■ **EXERCISE REQUIREMENTS**
Copy nothing from the entries below except the lines from the one containing "Walensee 24 Inch" through the one containing "Interior, Kitchen, Pendant", and copy those exactly.

■ **DATA FOR THE TASK**
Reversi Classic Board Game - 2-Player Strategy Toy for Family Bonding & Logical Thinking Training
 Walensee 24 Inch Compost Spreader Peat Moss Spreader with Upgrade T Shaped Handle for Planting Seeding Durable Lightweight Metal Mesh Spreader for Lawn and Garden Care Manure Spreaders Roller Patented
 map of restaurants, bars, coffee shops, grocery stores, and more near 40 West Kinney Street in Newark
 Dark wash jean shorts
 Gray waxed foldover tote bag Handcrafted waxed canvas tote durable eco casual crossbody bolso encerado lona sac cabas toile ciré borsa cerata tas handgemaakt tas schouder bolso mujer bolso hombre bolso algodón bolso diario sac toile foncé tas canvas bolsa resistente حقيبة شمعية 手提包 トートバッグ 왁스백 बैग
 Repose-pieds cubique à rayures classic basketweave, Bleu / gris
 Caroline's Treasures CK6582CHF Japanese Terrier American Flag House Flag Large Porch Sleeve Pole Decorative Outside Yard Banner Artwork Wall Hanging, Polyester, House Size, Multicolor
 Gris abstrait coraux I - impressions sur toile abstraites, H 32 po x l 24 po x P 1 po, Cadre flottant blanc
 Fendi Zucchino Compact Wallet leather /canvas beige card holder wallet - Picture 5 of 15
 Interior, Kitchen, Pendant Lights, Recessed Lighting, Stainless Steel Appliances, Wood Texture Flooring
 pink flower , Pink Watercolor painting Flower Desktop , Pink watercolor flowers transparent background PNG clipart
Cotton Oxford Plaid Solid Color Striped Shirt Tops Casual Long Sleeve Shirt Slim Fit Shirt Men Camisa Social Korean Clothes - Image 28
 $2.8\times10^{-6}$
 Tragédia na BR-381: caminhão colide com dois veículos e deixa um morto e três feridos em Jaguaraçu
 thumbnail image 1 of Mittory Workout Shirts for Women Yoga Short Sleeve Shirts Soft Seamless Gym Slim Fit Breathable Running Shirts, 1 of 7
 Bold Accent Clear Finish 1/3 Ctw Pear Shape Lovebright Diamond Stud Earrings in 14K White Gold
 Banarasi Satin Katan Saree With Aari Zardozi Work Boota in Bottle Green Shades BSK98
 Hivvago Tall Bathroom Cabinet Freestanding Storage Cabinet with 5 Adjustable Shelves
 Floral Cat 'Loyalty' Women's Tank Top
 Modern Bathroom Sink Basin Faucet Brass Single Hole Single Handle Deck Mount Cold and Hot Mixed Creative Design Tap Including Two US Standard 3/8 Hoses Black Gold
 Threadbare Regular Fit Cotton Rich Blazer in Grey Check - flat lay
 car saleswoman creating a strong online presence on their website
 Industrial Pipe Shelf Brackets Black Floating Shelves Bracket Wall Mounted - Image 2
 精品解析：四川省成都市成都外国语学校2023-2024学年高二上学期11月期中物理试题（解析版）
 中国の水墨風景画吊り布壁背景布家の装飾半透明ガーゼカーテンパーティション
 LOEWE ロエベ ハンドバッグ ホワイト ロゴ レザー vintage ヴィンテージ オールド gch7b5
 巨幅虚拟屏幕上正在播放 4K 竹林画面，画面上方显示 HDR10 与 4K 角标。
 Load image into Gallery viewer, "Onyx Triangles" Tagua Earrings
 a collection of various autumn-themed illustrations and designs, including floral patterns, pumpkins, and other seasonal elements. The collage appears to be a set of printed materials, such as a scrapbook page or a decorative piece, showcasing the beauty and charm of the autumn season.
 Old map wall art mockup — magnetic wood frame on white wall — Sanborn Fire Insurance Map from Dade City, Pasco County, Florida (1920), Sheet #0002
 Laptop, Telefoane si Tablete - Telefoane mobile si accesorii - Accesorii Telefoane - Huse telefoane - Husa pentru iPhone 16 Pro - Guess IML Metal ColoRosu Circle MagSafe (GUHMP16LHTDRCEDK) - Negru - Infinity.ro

■ **FINAL ANSWER**
 Walensee 24 Inch Compost Spreader Peat Moss Spreader with Upgrade T Shaped Handle for Planting Seeding Durable Lightweight Metal Mesh Spreader for Lawn and Garden Care Manure Spreaders Roller Patented
 map of restaurants, bars, coffee shops, grocery stores, and more near 40 West Kinney Street in Newark
 Dark wash jean shorts
 Gray waxed foldover tote bag Handcrafted waxed canvas tote durable eco casual crossbody bolso encerado lona sac cabas toile ciré borsa cerata tas handgemaakt tas schouder bolso mujer bolso hombre bolso algodón bolso diario sac toile foncé tas canvas bolsa resistente حقيبة شمعية 手提包 トートバッグ 왁스백 बैग
 Repose-pieds cubique à rayures classic basketweave, Bleu / gris
 Caroline's Treasures CK6582CHF Japanese Terrier American Flag House Flag Large Porch Sleeve Pole Decorative Outside Yard Banner Artwork Wall Hanging, Polyester, House Size, Multicolor
 Gris abstrait coraux I - impressions sur toile abstraites, H 32 po x l 24 po x P 1 po, Cadre flottant blanc
 Fendi Zucchino Compact Wallet leather /canvas beige card holder wallet - Picture 5 of 15
 Interior, Kitchen, Pendant Lights, Recessed Lighting, Stainless Steel Appliances, Wood Texture Flooring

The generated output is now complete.